EXERCISE DESCRIPTION =
Leaving out all pictures, write out word for word the lines from the one containing "At heel strike, the" to the end of the data below.

Stored items =
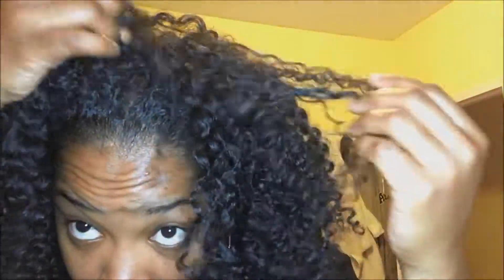Once I'm done with the back, I'm going to work my way to doing the front. You can definitely wear the style like this — you do not need to add volume. But I'm the kind of person that likes volume, so I'm going to find my pick and fluff that hair, because I'm looking for volume — lots and lots of volume. That's my pick and dance.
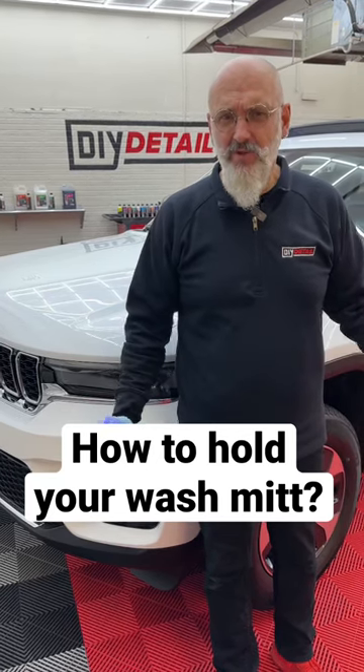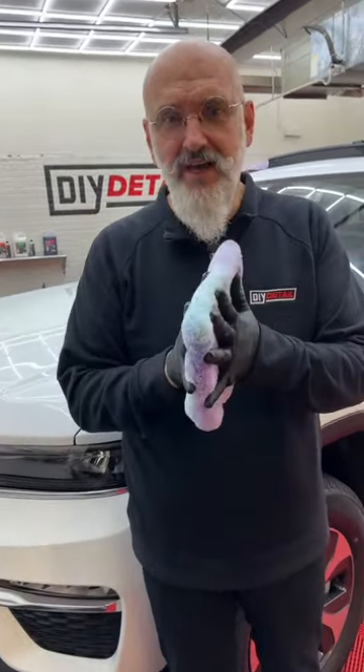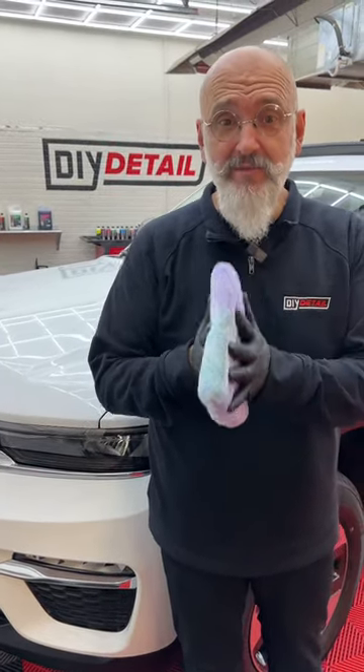Ivan from DIY Detail with a question we get asked a lot. With a mitt, do I put my hand inside the mitt or do I put it outside? It's really up to you. The one advantage though of putting it on the outside is now you have a thicker padding to prevent marring.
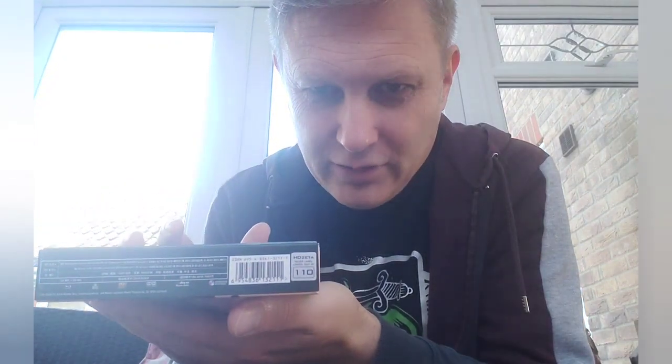Everything unwrapped and it is Tomb Raider, the reboot. This is a HD Zeta edition — quite limited, this one. It's out of 300 and this is number 110. It's got a really nice lenticular on the front here.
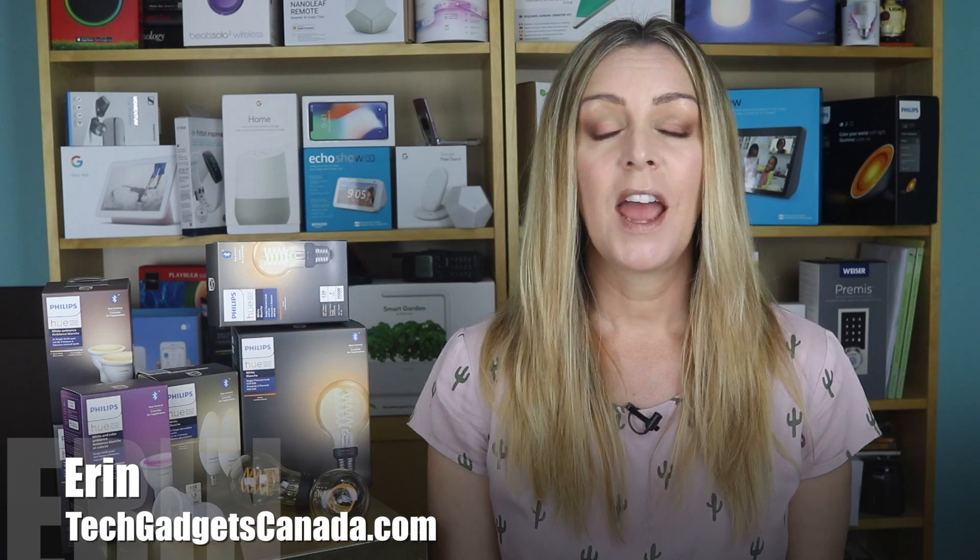I'm Erin for Best Buy Canada's blog and TechGadgetsCanada.com. Philips Hue, makers of a huge array of smart lighting, have just introduced Bluetooth smart bulbs and Bluetooth smart filament or Edison bulbs. I had a chance to play with a few of them in my home for a week or so, and I'm going to tell you what I learned about them, including what using the Bluetooth bulbs means for your existing Hue Wi-Fi setup, how they work overall, how you can control them, and if they operate differently than the Wi-Fi Hue bulbs.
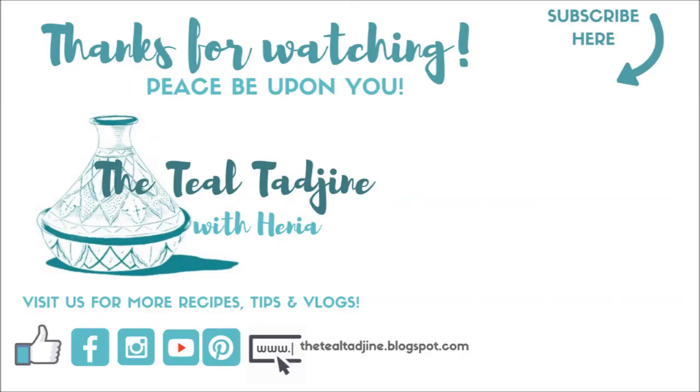If you've enjoyed today's video, don't forget to give it a like and also share with a friend. And if you haven't subscribed yet, do so by clicking the subscribe button. Until next time, thanks for watching and peace be upon you.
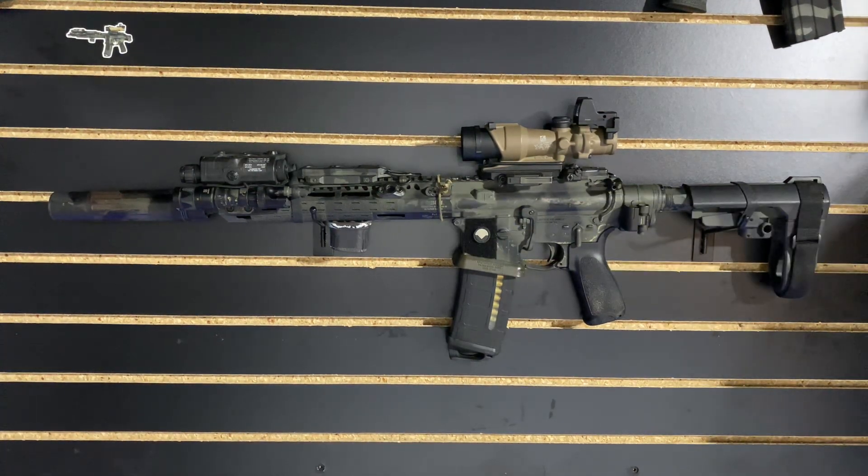I've been happy with this rail. It's held my zeros well. It was affordable and it does its job.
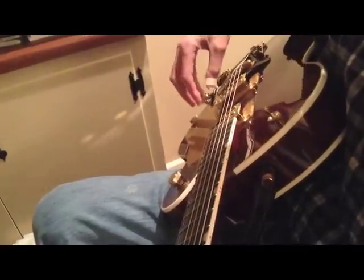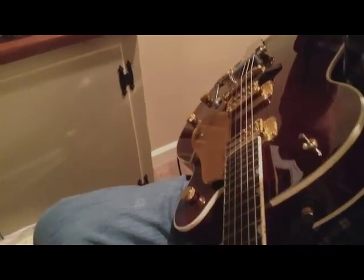And that's how to use your Bigsby if it's a stationary one. If it's not stationary, it works the same way — you'll just have to keep it in position there.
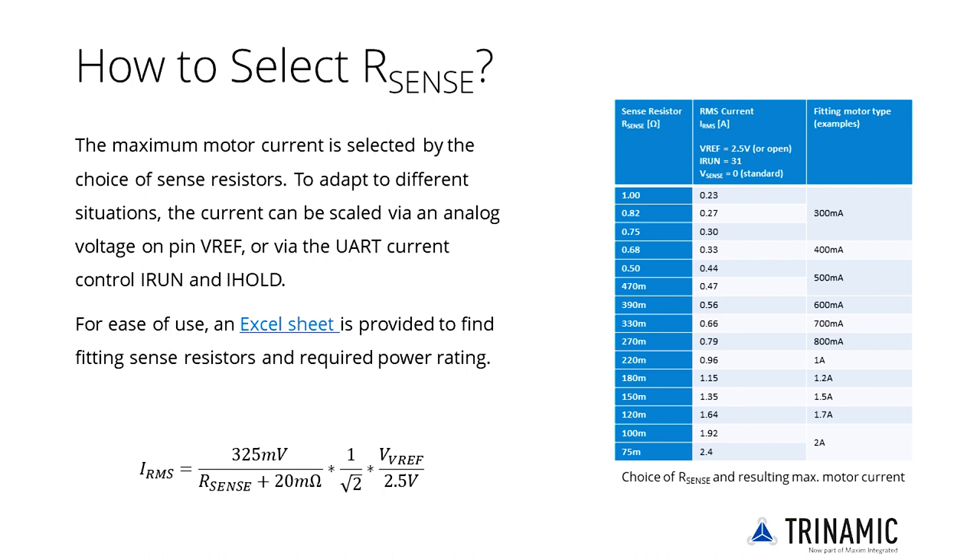A sense resistor is the most common way to set the motor current. It provides best precision when using a 1% type; a 5% type also performs fine for most applications. The selection of appropriate sense resistors depends on the following considerations: first, the maximum current to be driven into the motor — use the peak value required.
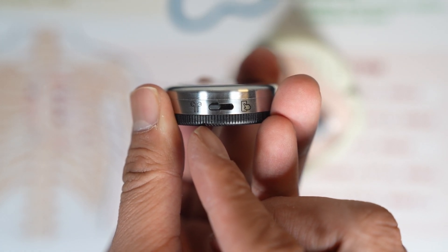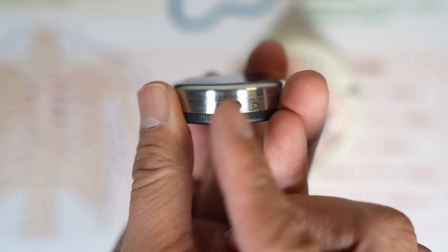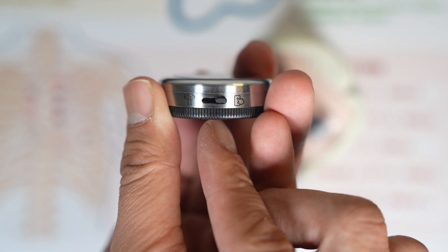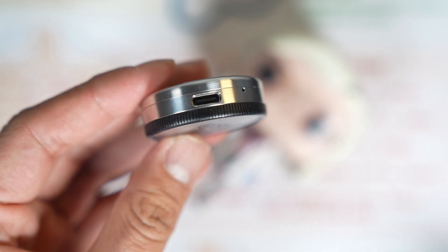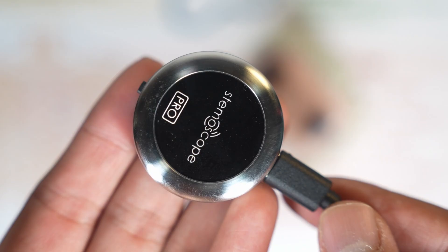You'll find a toggle for it here — left for earphones and right for Androids or iPhones. On the opposite side is the charging port. It uses USB-C, and the light lets you know when it's charging.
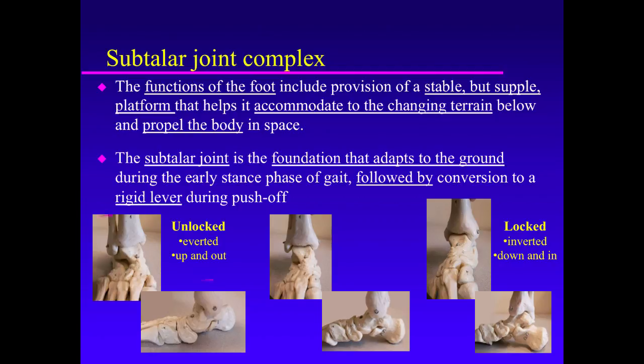At heel strike, the tibia and fibula are internally rotated. The subtalar joint is everted — up and out — dorsiflexed and externally rotated. This eversion of the subtalar joint so-called unlocks the subtalar joint, makes it supple, makes it a shock absorber for the earth.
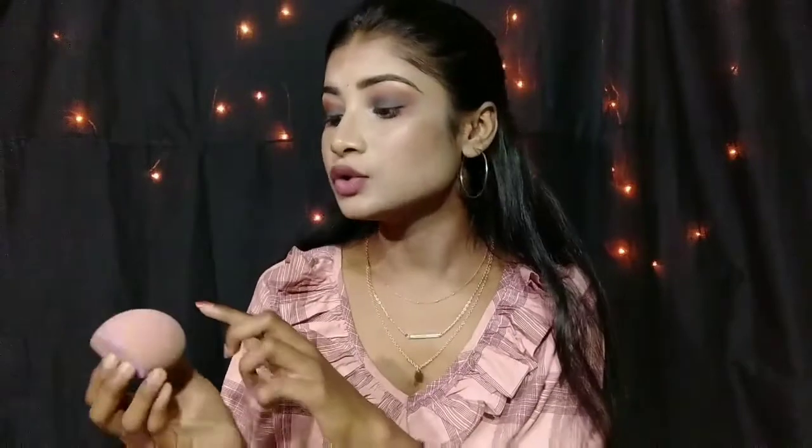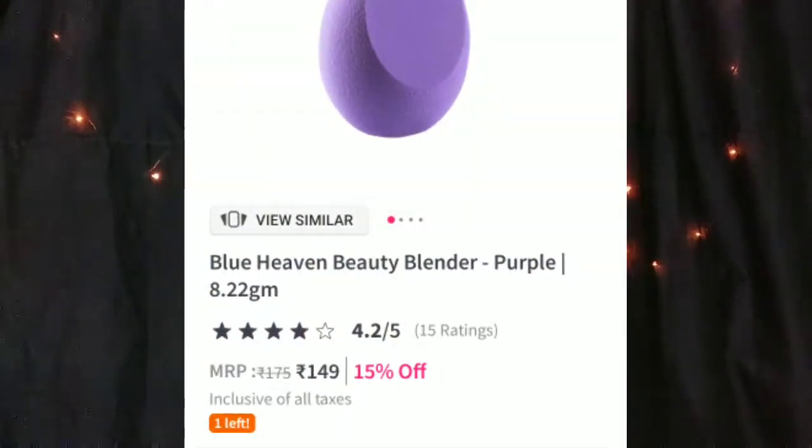So this is the Blue Heaven beauty blender, and this one is purple color. I've used it quite a lot so it's a little worn. The surface of this beauty blender should ideally be a little rough so the product doesn't soak in too much — and after soaking it in water it blends seamlessly. I think it's around 160 or 140 rupees, which is really affordable.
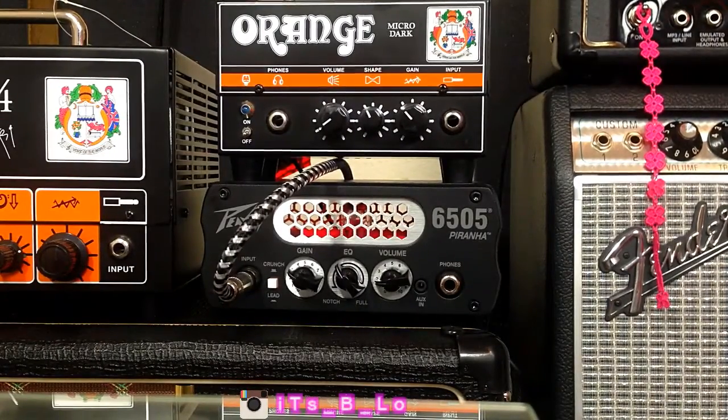What's up guys? So, following yesterday's video with the Micro Dark, which you can see on top of the Peavey here, I'm jumping on with the Peavey Piranha 6505.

REPLY =
At heel strike, the tibia and fibula are internally rotated. The subtalar joint is everted — up and out — dorsiflexed and externally rotated. This eversion of the subtalar joint so-called unlocks the subtalar joint, makes it supple, makes it a shock absorber for the earth.
So this is the Blue Heaven beauty blender, and this one is purple color. I've used it quite a lot so it's a little worn. The surface of this beauty blender should ideally be a little rough so the product doesn't soak in too much — and after soaking it in water it blends seamlessly. I think it's around 160 or 140 rupees, which is really affordable.
What's up guys? So, following yesterday's video with the Micro Dark, which you can see on top of the Peavey here, I'm jumping on with the Peavey Piranha 6505.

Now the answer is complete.